### WHAT THE EXERCISE ASKS
Each line at or after the one containing "Meadow - Sable" should be transcribed exactly, up to and including the final line of the data.

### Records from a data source
━━━━
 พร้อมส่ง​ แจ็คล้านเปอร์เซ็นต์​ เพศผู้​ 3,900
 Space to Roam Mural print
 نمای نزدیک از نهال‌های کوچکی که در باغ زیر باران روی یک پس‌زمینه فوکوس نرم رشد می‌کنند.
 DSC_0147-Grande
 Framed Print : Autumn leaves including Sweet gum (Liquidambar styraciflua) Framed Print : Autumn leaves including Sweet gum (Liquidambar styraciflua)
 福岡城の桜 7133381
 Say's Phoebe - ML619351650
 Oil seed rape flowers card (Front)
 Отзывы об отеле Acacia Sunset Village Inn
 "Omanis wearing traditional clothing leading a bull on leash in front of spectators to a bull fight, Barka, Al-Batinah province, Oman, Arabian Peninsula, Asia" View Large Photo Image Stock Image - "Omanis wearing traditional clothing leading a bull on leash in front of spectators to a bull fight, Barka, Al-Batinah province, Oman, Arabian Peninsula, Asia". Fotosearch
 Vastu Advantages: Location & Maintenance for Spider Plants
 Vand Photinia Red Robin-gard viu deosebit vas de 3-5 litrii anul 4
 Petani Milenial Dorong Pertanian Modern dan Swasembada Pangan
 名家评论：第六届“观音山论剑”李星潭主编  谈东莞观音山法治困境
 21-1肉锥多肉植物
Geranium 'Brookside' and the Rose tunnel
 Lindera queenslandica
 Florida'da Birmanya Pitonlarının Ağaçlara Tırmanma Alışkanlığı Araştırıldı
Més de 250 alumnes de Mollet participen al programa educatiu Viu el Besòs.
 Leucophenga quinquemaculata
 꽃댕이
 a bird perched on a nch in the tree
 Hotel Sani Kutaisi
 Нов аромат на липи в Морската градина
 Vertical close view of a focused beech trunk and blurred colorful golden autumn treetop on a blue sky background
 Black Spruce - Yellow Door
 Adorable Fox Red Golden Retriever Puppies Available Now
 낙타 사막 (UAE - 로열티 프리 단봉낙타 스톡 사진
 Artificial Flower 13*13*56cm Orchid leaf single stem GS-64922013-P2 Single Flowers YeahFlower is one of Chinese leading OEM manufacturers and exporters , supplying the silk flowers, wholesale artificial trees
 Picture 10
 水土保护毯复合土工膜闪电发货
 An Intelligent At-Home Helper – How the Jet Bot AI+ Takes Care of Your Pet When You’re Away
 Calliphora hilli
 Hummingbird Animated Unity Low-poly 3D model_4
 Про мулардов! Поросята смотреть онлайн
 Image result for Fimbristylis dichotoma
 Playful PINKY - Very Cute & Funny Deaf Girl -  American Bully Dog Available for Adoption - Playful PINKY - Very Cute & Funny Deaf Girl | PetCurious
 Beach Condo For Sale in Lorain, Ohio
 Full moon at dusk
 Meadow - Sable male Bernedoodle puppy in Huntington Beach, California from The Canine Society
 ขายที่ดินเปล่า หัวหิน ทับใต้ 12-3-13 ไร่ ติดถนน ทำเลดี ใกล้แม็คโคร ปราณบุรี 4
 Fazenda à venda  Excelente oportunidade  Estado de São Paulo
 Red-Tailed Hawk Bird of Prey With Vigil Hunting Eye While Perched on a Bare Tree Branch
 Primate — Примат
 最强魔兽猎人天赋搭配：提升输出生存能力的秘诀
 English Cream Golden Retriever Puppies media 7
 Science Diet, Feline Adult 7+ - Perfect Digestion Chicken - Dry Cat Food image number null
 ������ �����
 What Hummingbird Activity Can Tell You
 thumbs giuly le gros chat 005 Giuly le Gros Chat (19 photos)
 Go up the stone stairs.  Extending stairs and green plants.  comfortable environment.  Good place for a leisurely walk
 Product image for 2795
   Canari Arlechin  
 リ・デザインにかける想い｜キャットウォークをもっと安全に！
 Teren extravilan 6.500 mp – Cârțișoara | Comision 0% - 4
━━━━
### EXERCISE ANSWER
 Meadow - Sable male Bernedoodle puppy in Huntington Beach, California from The Canine Society
 ขายที่ดินเปล่า หัวหิน ทับใต้ 12-3-13 ไร่ ติดถนน ทำเลดี ใกล้แม็คโคร ปราณบุรี 4
 Fazenda à venda  Excelente oportunidade  Estado de São Paulo
 Red-Tailed Hawk Bird of Prey With Vigil Hunting Eye While Perched on a Bare Tree Branch
 Primate — Примат
 最强魔兽猎人天赋搭配：提升输出生存能力的秘诀
 English Cream Golden Retriever Puppies media 7
 Science Diet, Feline Adult 7+ - Perfect Digestion Chicken - Dry Cat Food image number null
 ������ �����
 What Hummingbird Activity Can Tell You
 thumbs giuly le gros chat 005 Giuly le Gros Chat (19 photos)
 Go up the stone stairs.  Extending stairs and green plants.  comfortable environment.  Good place for a leisurely walk
 Product image for 2795
   Canari Arlechin  
 リ・デザインにかける想い｜キャットウォークをもっと安全に！
 Teren extravilan 6.500 mp – Cârțișoara | Comision 0% - 4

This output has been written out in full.